Start of Block

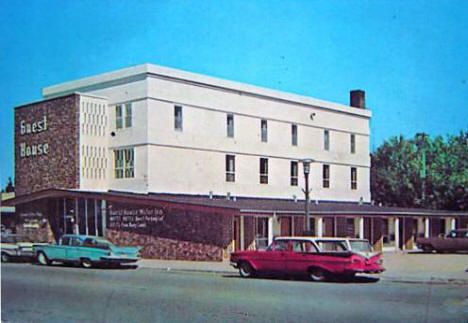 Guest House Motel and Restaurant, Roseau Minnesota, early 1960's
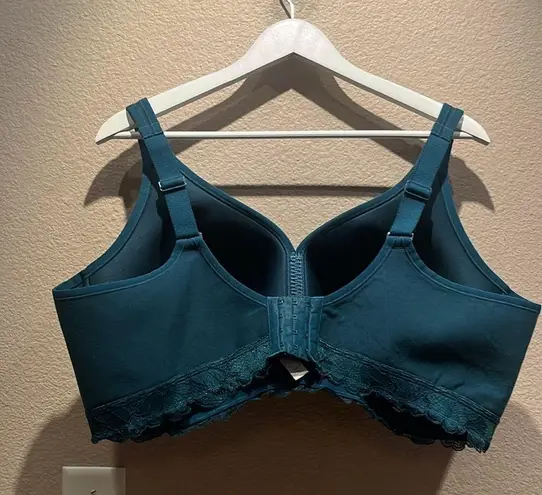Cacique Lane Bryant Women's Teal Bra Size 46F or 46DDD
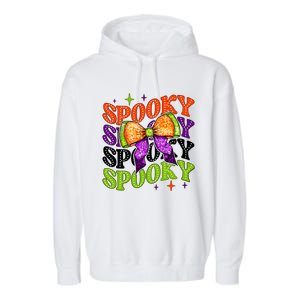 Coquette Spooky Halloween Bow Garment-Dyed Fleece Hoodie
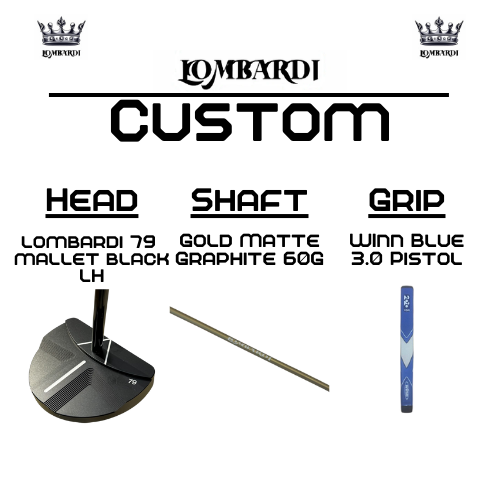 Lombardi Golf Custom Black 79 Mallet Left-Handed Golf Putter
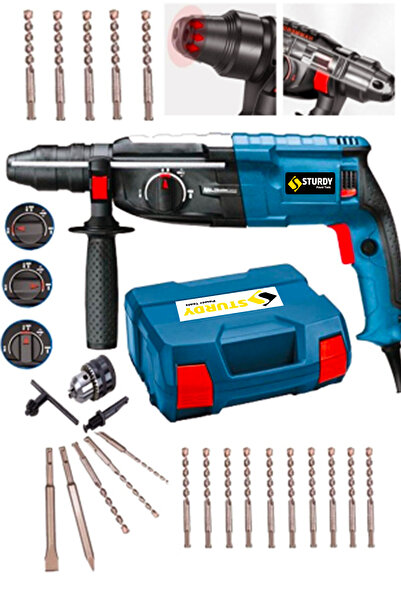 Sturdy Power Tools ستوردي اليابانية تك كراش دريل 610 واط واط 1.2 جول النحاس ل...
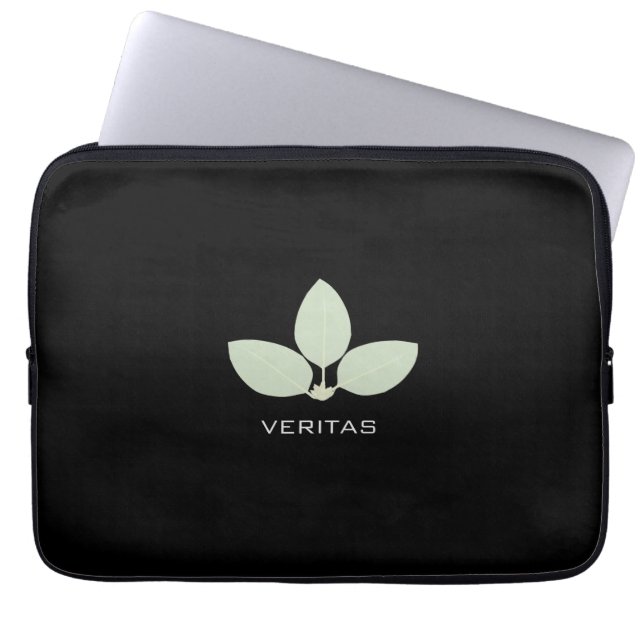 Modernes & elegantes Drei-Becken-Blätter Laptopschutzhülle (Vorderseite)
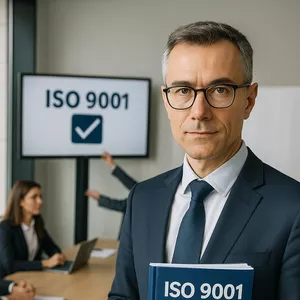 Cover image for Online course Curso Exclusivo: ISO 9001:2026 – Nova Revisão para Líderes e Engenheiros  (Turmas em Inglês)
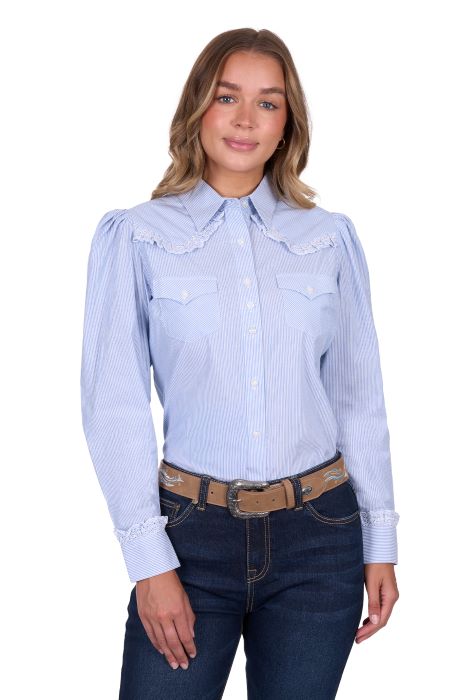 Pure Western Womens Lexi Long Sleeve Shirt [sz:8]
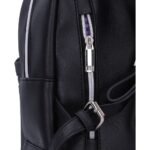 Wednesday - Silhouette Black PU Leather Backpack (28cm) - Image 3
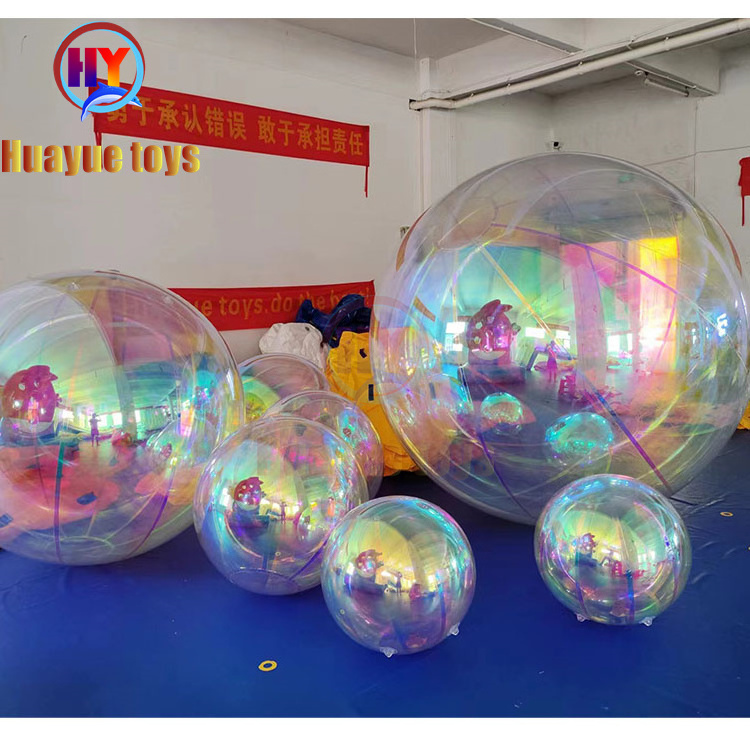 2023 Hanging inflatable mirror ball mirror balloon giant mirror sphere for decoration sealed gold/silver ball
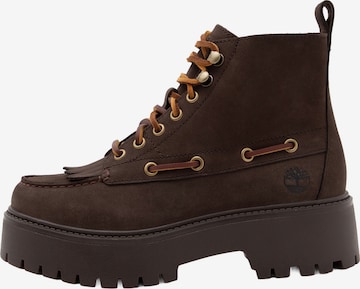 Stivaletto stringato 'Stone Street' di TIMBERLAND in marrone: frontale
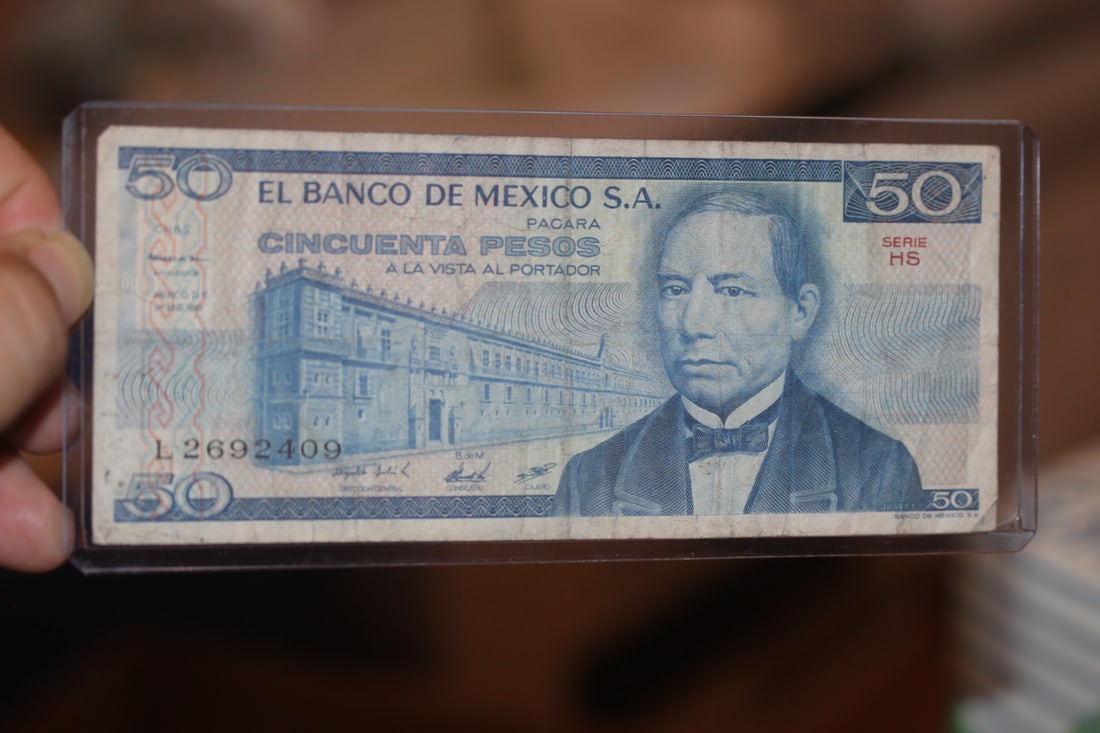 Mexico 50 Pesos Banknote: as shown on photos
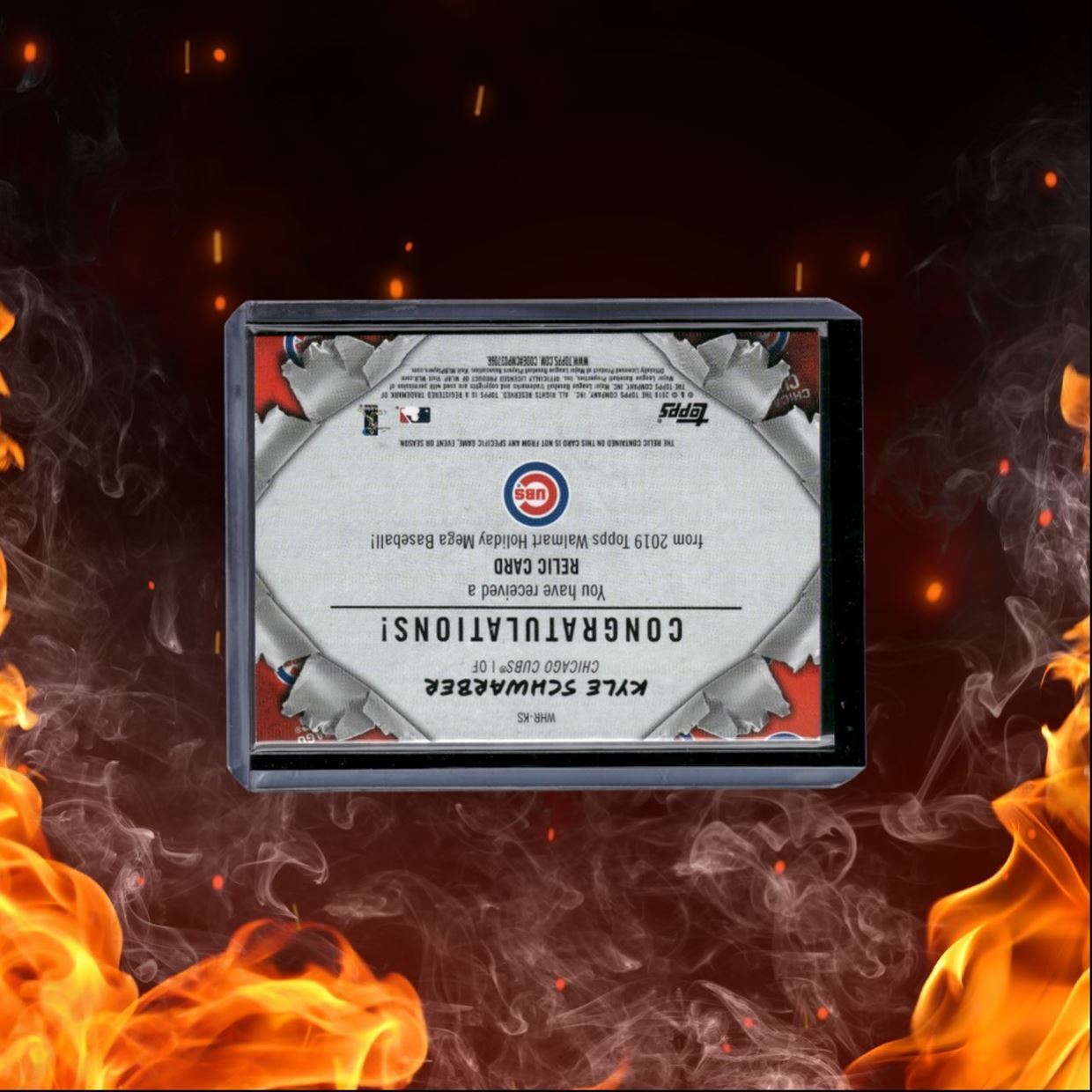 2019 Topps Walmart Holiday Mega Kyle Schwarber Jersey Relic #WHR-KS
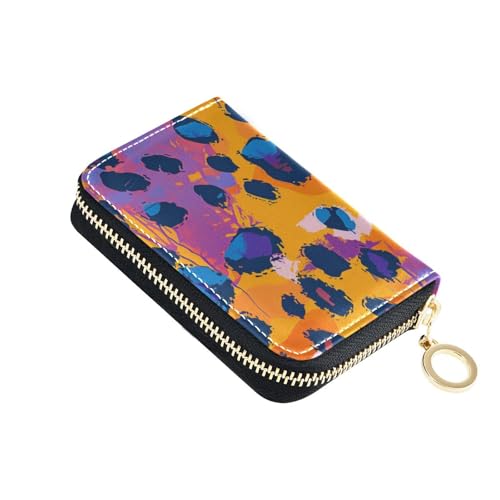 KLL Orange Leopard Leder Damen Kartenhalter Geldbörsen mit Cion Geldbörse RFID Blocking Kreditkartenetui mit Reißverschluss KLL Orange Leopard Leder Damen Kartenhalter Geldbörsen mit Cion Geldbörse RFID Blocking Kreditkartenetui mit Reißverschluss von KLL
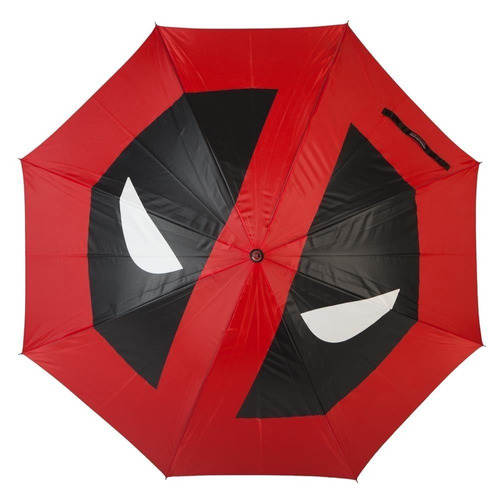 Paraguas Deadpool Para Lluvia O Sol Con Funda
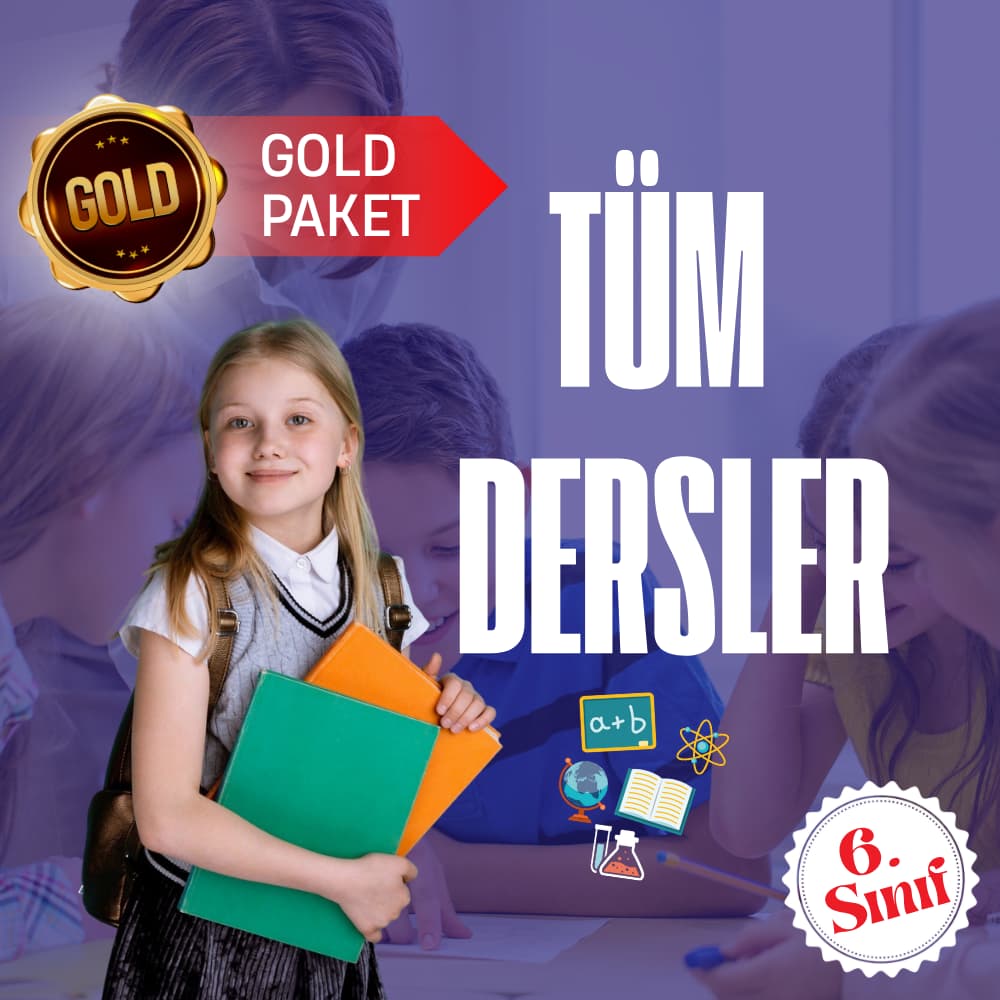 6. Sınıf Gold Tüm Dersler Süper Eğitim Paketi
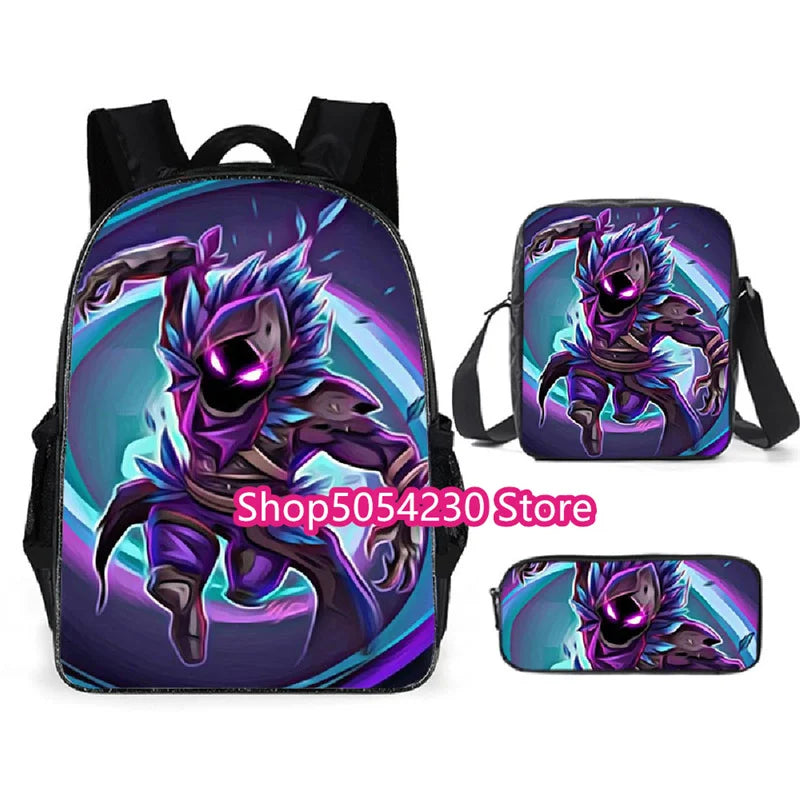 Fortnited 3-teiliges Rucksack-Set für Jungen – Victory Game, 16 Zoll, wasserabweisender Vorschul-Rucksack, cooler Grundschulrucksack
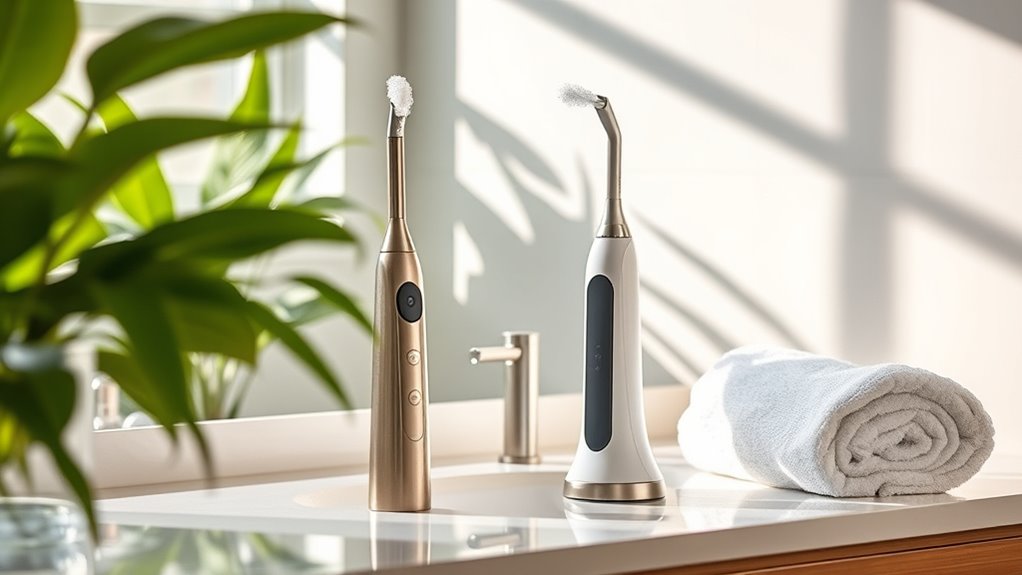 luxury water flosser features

End of Block

Repeat the material above word for word and skip every image in it.

**RESPONSE AREA:**
 Guest House Motel and Restaurant, Roseau Minnesota, early 1960's
Cacique Lane Bryant Women's Teal Bra Size 46F or 46DDD
 Coquette Spooky Halloween Bow Garment-Dyed Fleece Hoodie
 Lombardi Golf Custom Black 79 Mallet Left-Handed Golf Putter
 Sturdy Power Tools ستوردي اليابانية تك كراش دريل 610 واط واط 1.2 جول النحاس ل...
 Modernes & elegantes Drei-Becken-Blätter Laptopschutzhülle (Vorderseite)
 Cover image for Online course Curso Exclusivo: ISO 9001:2026 – Nova Revisão para Líderes e Engenheiros  (Turmas em Inglês)
 Pure Western Womens Lexi Long Sleeve Shirt [sz:8]
 Wednesday - Silhouette Black PU Leather Backpack (28cm) - Image 3
 2023 Hanging inflatable mirror ball mirror balloon giant mirror sphere for decoration sealed gold/silver ball
 Stivaletto stringato 'Stone Street' di TIMBERLAND in marrone: frontale
 Mexico 50 Pesos Banknote: as shown on photos
 2019 Topps Walmart Holiday Mega Kyle Schwarber Jersey Relic #WHR-KS
 KLL Orange Leopard Leder Damen Kartenhalter Geldbörsen mit Cion Geldbörse RFID Blocking Kreditkartenetui mit Reißverschluss KLL Orange Leopard Leder Damen Kartenhalter Geldbörsen mit Cion Geldbörse RFID Blocking Kreditkartenetui mit Reißverschluss von KLL
 Paraguas Deadpool Para Lluvia O Sol Con Funda
 6. Sınıf Gold Tüm Dersler Süper Eğitim Paketi
 Fortnited 3-teiliges Rucksack-Set für Jungen – Victory Game, 16 Zoll, wasserabweisender Vorschul-Rucksack, cooler Grundschulrucksack
 luxury water flosser features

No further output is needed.